S. T. Saffold

No. 27
- Position: Split end

Personal information
- Born: May 18, 1944 (age 82) Slater, Mississippi, U.S.
- Listed height: 6 ft 4 in (1.93 m)
- Listed weight: 202 lb (92 kg)

Career information
- High school: Edison (Stockton, California)
- College: San Jose State
- NFL draft: 1966 (15th round, 222nd overall pick)
- AFL draft: 1966 (Red Shirt 7th round, 62nd overall pick)

Career history
- San Diego Chargers (1967)*; Cincinnati Bengals (1968);
- * Offseason or practice squad member only

Career AFL statistics
- Receptions: 16
- Receiving yards: 172
- Stats at Pro Football Reference

= S. T. Saffold =

American football player (born 1944)

Saint Samuel Saffold (born May 18, 1944) is an American former professional football player who was a split end for one season with the Cincinnati Bengals of the American Football League (AFL). He played college basketball and football for the San Jose State Spartans.

==Early life==
Saint Samuel Saffold was born on May 18, 1944, in Slater, Mississippi. In regards to his name, Saffold stated, "I come from a very religious family of 11 children and all four of my brothers have biblical names." He played three sports at Edison High School in Stockton, California.

==College career==
Saffold played college basketball for the San Jose State Spartans of San Jose State College as a forward. He was on the freshman team in 1962–63 and the varsity team from 1963–64 to 1965–66. He played in 22 games during the 1963–64 season, averaging 10.7 points and 9.4 rebounds per game while earning second-team All-West Coast Athletic Conference (WCAC) honors. Saffold appeared in 24 games in 1964–65 and recorded averages of 15.8 points and 9.4 rebounds per game, garnering first-team All-WCAC recognition. He played in 24 games for the second straight year in 1965–66 and averaged a double-double with 17.4 points and 10.5 rebounds per game. He was also named first-team All-WCAC for the 1965–66 season.

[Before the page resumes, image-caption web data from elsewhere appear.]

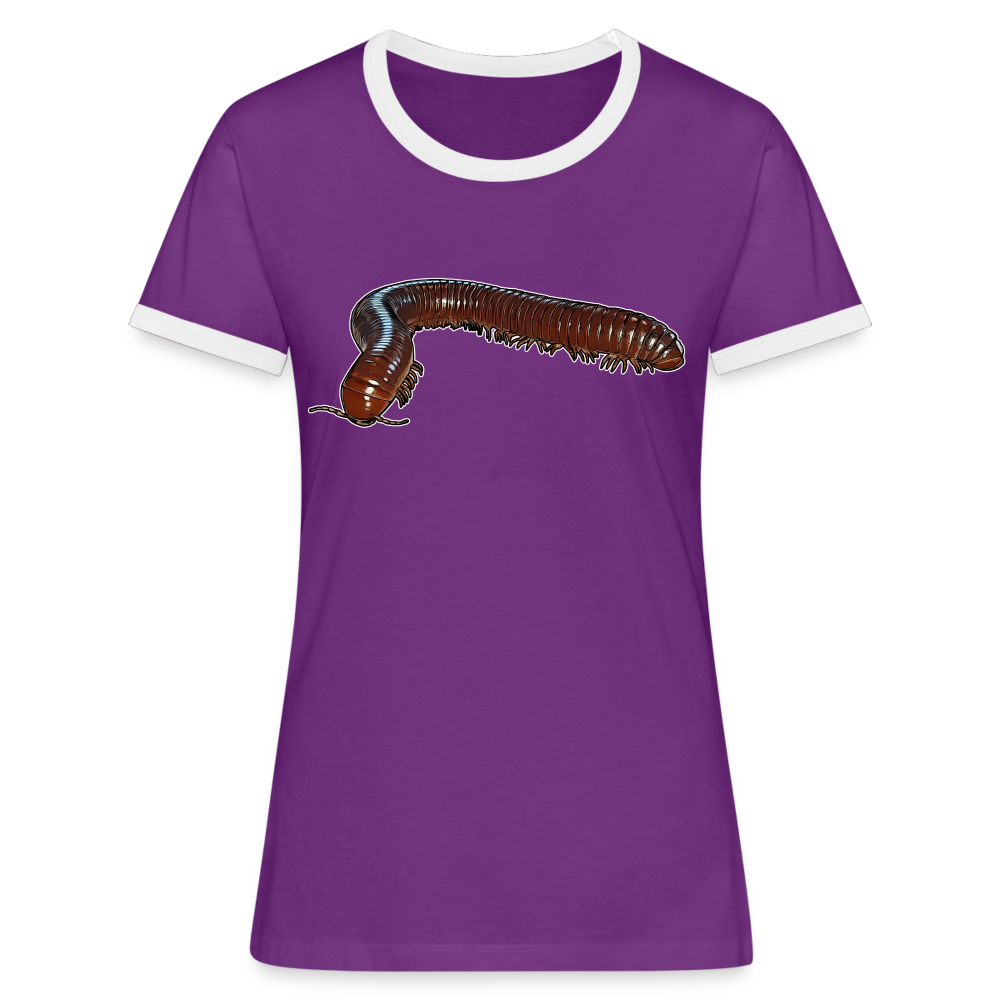 Frauen Kontrast-T-Shirt Ophistreptus guineensis - Lila/Weiß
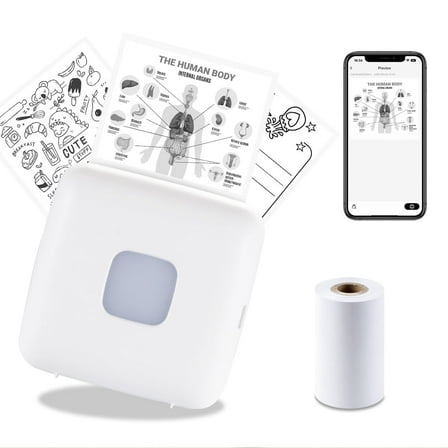 VRETTI TP6 Pocket sticker printer,Portable Bluetooth Pocket Phone Printer for Anatomy Flashcards, Journal, Photos, Notes, Kids Gift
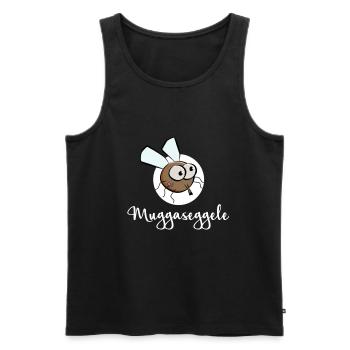 Swabian Muggaseggele Schwabischer dialect - Men's Premium Organic Tank Top - black - Front - AI Model Male 178 light (178cm)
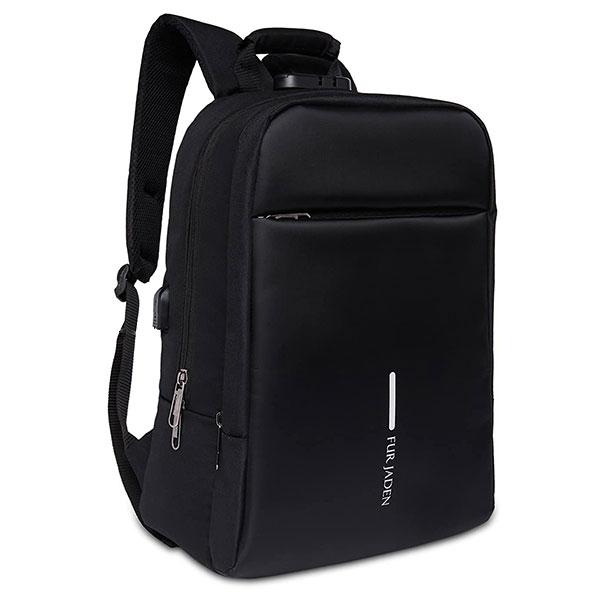 Black Customized Anti Theft Number Lock Backpack with 15.6 Inch Laptop Compartment, USB Charging Port & Organizer Pocket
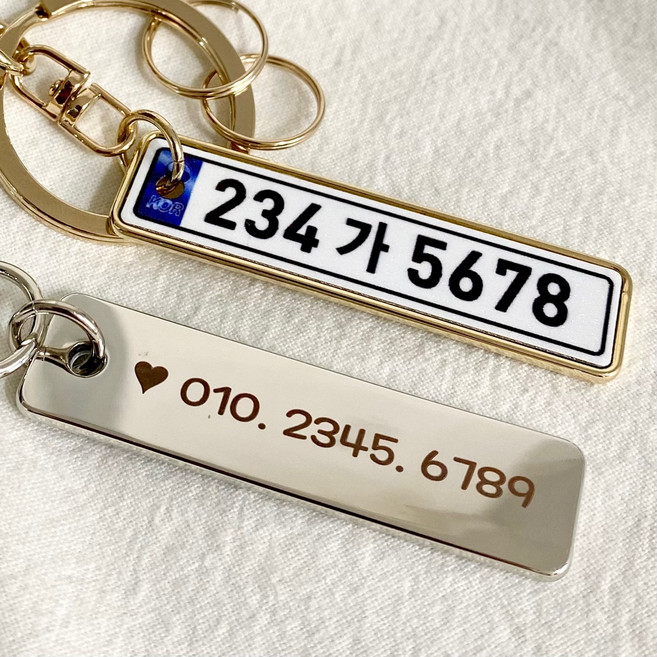 자동차 번호판 키링 차키 열쇠고리 스마트 키홀더 부모님선물, 현대, 빅사이즈키링세트, 실버
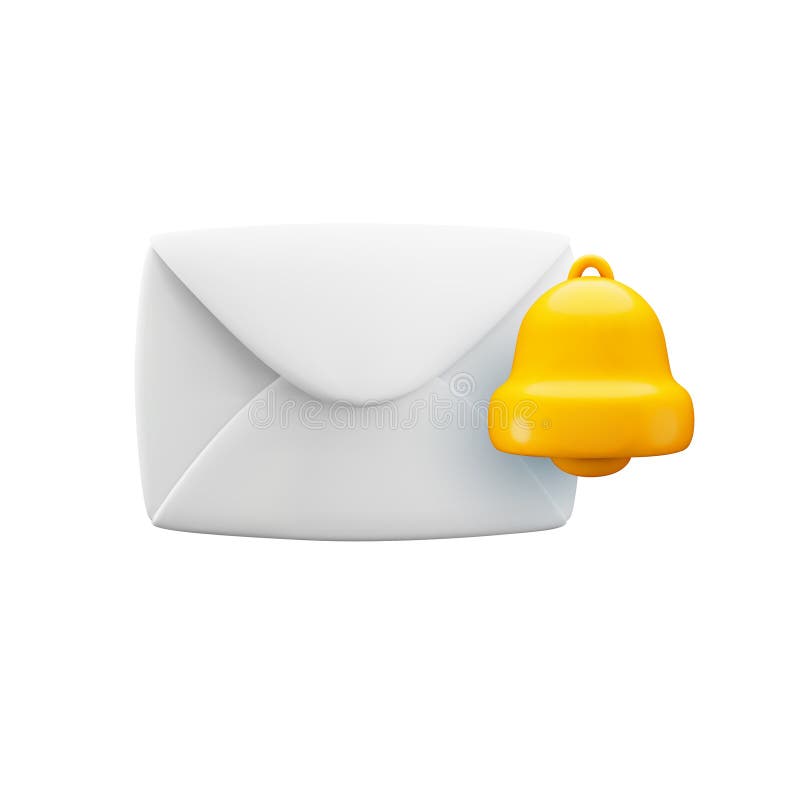 Gráfico vectorial 3d nuevo icono de aviso de mensaje. sobre 3d realista con signo de notificación de timbre. entrada de correo ele stock de ilustración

Saffold played one season of college football for the Spartans in 1966, catching 30 passes for 420 yards and four touchdowns. He was later inducted into San Jose State's athletics hall of fame.

==Professional career==
Saffold was selected by the San Diego Chargers in the seventh round, with the 62nd overall pick, of the 1966 AFL Redshirt Draft and by the San Francisco 49ers in the 15th round, with the 222nd overall pick, of the 1966 NFL draft. He signed with the Chargers in 1967 and spent the 1967 season on the team's taxi squad.

Saffold signed with the Cincinnati Bengals in 1968. He played in all 14 games, starting seven, for the Bengals during the team's inaugural 1968 season, catching 16	passes for 172 yards while also rushing once for 21 yards. On July 23, 1969, it was reported that Saffold was quitting pro football to try out for the San Francisco Warriors of the National Basketball Association.